Vitamin D is important for hair follicle health and a deficiency can lead to hair loss. The vitamin is primarily absorbed through sunlight, but can also be obtained through dietary supplements.
Sun exposure is the most important way to produce enough vitamin D. But many people don't have enough sunlight due to lack of time or geographical conditions. One way to meet vitamin D needs is through diet. Foods that contain vitamin D are fish such as salmon, herring and mackerel, egg yolks and fortified foods such as dairy products and fruit juices.
Vitamin E promotes blood circulation and thus the supply of nutrients to the hair follicles. It also protects the hair from damage caused by UV radiation and oxidative stress.

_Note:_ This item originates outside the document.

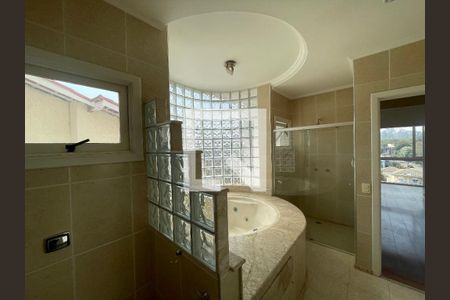 Casa de condomínio para alugar com 650m², 5 quartos e 4 vagas Casa de condomínio para alugar com 650m², 5 quartos e 4 vagasBanheiro da Suíte 1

Good sources of vitamin E in the diet include nuts and seeds like almonds, sunflower seeds, and pine nuts, vegetable oils like olive oil and sunflower oil, green leafy vegetables, and whole grains.
Zinc is a trace element that is important for the formation of keratin and collagen. A lack of zinc can lead to hair loss and poor healing of scalp wounds.
Good dietary sources of zinc include meat, poultry, fish, seafood, nuts and seeds, whole grains, and dairy products.
Healthy hair needs a balanced diet with sufficient vitamins and minerals. A targeted supply of food supplements can be useful in the event of a deficiency.